If I want to include the number of Items in some other queryset, such as


We can't write item_count (which would be Items.objects.aggregate(Count("id"))) as an inner queryset here, since the aggregate() call returns a dictionary, not a queryset.

The return value of aggregate() is fine, but this ticket is about adding a version that does return a queryset. Right now, there's no way to fake this with annotate(...).values(...) since that always introduces a GROUP BY clause and the whole point is not to group by anything.

Not sure whether adding a parameter to aggregate() is the right idea, or adding something to the annotate() route to specify "no grouping whatsoever". This is all 1.2 timeframe stuff, but it's something to think about.

Change History (7)

comment:1 Changed 11 years ago by Jacob

milestone: 1.2
Triage Stage: UnreviewedAccepted

comment:2 Changed 11 years ago by Tobias McNulty

Maybe I misunderstand the problem, but in (postgre)SQL there is no way to filter on an aggregate column, e.g.:

django_test=# SELECT "testapp_parent"."id", COUNT("testapp_child"."id") AS "num" 
FROM "testapp_parent" 
LEFT OUTER JOIN "testapp_child" ON ("testapp_parent"."id" = "testapp_child"."parent_id") 
WHERE "num" = 0 
GROUP BY "testapp_parent"."id";
ERROR:  column "num" does not exist
LINE 1: ...parent"."id" = "testapp_child"."parent_id") WHERE "num" = 0 ...

You can ORDER BY aggregate columns (so perhaps this idea is still useful) but I'm not sure it'll work with .filter(num=item_count)

comment:3 Changed 11 years ago by Tobias McNulty

Hmm, my statements above are patently false (you can do that with HAVING).

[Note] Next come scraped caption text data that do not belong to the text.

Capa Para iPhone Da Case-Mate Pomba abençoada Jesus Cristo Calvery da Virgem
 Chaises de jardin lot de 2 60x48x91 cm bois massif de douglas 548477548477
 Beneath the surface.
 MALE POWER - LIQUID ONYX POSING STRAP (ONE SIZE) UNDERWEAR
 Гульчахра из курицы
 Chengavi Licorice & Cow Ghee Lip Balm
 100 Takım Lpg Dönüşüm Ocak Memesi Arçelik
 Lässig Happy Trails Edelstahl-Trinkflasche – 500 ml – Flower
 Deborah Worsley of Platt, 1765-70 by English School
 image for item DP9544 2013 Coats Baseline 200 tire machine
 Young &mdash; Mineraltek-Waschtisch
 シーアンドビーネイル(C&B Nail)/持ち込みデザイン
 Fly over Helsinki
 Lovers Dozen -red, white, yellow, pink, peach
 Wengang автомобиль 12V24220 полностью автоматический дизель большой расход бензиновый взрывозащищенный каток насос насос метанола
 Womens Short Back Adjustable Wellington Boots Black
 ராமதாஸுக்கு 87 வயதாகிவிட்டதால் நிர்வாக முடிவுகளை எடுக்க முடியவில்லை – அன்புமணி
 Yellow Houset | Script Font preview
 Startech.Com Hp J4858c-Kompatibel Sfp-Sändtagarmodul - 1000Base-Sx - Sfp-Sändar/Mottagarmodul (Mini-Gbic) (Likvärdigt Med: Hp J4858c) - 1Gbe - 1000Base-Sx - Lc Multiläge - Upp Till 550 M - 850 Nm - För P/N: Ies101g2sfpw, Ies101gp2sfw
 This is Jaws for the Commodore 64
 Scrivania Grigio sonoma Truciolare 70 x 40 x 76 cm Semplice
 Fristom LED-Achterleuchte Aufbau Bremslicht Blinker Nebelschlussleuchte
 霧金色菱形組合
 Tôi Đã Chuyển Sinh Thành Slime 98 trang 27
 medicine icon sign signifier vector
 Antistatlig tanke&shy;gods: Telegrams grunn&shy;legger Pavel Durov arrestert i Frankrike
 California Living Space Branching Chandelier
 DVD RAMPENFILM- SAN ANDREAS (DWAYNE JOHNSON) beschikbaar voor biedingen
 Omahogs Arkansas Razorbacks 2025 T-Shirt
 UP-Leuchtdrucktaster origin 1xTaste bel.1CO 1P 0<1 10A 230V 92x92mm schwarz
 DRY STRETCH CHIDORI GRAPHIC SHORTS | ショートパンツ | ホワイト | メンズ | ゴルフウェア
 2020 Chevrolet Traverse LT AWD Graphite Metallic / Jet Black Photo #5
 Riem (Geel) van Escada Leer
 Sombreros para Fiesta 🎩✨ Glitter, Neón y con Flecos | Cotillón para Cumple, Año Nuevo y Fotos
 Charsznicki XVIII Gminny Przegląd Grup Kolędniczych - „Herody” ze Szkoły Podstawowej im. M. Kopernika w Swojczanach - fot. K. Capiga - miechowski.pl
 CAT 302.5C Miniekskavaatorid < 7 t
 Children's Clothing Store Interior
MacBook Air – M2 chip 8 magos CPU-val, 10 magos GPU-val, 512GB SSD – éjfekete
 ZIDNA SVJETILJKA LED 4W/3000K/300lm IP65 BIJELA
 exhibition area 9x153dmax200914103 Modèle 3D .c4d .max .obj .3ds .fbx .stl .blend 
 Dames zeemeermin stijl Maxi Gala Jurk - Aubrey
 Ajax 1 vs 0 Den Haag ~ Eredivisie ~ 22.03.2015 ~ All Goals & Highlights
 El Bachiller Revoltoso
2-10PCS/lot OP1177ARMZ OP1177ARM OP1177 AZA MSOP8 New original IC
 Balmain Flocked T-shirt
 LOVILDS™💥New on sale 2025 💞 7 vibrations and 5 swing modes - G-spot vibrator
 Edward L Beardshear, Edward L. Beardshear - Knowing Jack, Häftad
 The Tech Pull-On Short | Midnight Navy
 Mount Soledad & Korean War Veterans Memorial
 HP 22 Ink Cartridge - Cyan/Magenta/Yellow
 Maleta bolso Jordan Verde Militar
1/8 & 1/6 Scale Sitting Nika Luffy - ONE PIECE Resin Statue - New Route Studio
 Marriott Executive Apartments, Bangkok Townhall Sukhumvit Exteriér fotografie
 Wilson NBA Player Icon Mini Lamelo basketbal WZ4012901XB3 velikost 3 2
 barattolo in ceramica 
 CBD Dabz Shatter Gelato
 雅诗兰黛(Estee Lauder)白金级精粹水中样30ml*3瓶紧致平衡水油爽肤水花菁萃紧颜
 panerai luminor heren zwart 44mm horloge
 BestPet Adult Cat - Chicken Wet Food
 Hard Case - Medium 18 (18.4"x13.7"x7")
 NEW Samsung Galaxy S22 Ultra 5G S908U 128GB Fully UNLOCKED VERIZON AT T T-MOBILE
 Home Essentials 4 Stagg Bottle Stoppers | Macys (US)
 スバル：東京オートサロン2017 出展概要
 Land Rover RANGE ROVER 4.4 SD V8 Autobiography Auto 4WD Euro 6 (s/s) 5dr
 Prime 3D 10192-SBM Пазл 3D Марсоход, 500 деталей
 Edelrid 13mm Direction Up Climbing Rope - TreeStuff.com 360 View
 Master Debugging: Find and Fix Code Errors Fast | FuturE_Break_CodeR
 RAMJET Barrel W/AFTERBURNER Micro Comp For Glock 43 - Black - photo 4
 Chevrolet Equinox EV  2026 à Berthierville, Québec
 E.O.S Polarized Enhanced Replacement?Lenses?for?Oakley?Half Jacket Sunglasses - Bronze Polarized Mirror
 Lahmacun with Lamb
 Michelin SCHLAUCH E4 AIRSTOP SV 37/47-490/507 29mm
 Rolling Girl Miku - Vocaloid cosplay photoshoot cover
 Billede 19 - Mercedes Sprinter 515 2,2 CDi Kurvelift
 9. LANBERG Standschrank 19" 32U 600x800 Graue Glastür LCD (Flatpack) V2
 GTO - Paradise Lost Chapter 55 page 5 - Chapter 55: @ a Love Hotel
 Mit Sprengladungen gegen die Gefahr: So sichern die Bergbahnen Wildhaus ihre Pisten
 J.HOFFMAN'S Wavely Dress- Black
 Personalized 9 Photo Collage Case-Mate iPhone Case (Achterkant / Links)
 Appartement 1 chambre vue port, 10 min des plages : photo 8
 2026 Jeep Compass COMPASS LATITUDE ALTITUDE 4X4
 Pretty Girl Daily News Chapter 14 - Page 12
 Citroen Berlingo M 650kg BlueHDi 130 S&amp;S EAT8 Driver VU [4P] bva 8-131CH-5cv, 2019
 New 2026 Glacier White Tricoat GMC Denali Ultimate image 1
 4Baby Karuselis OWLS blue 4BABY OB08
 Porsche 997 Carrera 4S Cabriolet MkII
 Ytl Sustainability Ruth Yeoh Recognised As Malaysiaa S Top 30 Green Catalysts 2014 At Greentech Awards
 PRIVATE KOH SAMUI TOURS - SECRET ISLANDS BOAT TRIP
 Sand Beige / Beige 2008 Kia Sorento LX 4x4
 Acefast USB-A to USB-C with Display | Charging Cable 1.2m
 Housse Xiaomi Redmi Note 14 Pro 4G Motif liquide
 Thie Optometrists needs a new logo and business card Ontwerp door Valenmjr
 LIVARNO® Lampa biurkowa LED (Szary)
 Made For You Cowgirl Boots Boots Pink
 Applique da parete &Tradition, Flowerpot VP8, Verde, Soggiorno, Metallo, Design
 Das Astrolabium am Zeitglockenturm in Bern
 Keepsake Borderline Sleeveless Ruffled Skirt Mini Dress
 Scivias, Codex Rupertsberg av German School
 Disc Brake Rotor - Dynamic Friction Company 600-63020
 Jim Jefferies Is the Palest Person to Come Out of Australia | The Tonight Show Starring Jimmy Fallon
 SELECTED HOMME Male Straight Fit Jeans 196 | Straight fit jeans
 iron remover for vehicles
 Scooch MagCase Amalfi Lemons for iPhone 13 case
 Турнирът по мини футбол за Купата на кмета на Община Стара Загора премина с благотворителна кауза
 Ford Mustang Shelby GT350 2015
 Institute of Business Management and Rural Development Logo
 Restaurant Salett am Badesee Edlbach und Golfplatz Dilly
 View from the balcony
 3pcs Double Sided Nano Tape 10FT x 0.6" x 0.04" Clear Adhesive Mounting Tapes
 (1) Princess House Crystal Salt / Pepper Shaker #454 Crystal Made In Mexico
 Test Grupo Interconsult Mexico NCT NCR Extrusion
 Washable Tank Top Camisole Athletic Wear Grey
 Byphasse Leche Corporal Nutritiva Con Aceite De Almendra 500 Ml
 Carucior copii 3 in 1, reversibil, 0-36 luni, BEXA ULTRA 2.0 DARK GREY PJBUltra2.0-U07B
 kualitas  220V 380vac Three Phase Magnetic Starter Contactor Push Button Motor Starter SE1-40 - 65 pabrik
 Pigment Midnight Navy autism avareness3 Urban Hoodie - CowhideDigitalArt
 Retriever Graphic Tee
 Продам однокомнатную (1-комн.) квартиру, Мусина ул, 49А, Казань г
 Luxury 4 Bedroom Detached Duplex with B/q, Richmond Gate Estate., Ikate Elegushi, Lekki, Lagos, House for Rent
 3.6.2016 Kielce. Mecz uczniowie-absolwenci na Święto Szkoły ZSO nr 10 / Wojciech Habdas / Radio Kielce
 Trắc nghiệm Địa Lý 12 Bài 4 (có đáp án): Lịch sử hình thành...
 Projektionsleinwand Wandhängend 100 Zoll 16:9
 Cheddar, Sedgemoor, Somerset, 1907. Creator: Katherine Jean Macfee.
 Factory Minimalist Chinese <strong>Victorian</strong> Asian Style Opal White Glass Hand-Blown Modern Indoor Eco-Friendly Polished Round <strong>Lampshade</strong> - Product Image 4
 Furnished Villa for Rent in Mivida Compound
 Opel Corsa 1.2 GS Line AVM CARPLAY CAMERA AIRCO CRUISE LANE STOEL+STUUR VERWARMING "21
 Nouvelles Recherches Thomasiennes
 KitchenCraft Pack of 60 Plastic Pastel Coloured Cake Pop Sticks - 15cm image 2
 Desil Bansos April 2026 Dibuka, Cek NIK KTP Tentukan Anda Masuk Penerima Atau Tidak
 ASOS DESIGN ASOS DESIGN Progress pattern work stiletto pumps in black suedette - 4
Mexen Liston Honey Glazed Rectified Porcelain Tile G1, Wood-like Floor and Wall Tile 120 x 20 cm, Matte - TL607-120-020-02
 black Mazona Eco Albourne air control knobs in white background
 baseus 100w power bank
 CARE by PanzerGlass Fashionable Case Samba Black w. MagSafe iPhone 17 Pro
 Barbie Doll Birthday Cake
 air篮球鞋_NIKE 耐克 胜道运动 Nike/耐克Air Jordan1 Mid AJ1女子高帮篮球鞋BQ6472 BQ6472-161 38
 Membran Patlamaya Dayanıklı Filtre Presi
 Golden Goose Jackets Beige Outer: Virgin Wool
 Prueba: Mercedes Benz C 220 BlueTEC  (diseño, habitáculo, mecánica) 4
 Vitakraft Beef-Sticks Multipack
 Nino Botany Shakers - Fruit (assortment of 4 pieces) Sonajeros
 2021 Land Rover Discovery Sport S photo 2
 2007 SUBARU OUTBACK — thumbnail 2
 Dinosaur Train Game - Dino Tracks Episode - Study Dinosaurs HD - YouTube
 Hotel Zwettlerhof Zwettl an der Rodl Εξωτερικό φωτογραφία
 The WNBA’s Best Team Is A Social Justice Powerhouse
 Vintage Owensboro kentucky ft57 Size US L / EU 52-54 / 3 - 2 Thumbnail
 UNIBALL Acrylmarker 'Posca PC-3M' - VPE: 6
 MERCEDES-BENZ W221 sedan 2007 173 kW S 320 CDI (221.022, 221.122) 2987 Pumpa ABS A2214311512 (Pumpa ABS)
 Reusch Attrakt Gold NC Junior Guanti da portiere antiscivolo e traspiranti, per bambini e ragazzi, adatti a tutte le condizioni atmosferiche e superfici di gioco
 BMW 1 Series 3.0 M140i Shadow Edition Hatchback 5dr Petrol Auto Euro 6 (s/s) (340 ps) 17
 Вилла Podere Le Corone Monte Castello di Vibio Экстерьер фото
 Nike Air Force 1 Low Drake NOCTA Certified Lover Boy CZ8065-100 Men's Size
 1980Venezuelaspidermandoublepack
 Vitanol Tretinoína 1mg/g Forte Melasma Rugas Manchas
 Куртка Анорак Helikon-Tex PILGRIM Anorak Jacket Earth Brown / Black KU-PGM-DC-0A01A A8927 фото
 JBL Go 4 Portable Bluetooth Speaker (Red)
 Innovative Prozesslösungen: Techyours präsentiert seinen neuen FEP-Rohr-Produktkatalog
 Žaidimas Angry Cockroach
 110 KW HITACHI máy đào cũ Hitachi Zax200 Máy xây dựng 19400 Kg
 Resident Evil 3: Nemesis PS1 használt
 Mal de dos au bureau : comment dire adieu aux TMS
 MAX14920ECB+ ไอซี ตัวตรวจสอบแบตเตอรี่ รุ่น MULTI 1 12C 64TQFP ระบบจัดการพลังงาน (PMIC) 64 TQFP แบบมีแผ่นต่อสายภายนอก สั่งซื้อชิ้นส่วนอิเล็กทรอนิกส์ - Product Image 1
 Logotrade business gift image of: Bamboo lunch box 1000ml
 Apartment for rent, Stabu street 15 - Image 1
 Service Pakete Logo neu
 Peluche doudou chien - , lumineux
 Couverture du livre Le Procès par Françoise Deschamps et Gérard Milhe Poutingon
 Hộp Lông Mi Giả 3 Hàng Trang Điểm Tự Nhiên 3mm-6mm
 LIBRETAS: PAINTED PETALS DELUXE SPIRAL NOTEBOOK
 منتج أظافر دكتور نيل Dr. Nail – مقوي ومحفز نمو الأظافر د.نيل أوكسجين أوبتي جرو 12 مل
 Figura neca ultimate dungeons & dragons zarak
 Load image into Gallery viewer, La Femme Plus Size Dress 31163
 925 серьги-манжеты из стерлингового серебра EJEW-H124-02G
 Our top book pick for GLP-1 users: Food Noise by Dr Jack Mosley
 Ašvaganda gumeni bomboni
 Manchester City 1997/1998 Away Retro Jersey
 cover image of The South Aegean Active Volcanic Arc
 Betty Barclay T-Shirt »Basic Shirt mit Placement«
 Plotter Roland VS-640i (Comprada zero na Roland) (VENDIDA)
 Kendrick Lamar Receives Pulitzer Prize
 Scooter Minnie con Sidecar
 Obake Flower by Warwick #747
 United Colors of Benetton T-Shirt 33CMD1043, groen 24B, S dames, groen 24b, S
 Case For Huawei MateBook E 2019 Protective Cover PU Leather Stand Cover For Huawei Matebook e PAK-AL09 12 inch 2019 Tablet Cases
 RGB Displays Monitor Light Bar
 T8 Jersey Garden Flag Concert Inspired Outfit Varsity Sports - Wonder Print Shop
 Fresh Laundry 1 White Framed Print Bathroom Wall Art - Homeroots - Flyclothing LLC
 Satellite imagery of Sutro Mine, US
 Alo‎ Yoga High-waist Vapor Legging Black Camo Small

Forget I ever said anything.

comment:4 Changed 10 years ago by James Bennett

milestone: 1.2

1.2 is feature-frozen, moving this feature request off the milestone.

comment:5 Changed 9 years ago by Chris Beaven

Severity: Normal
Type: New feature

comment:6 Changed 8 years ago by Aymeric Augustin

UI/UX: unset

Change UI/UX from NULL to False.

comment:7 Changed 8 years ago by Aymeric Augustin

Easy pickings: unset

Change Easy pickings from NULL to False.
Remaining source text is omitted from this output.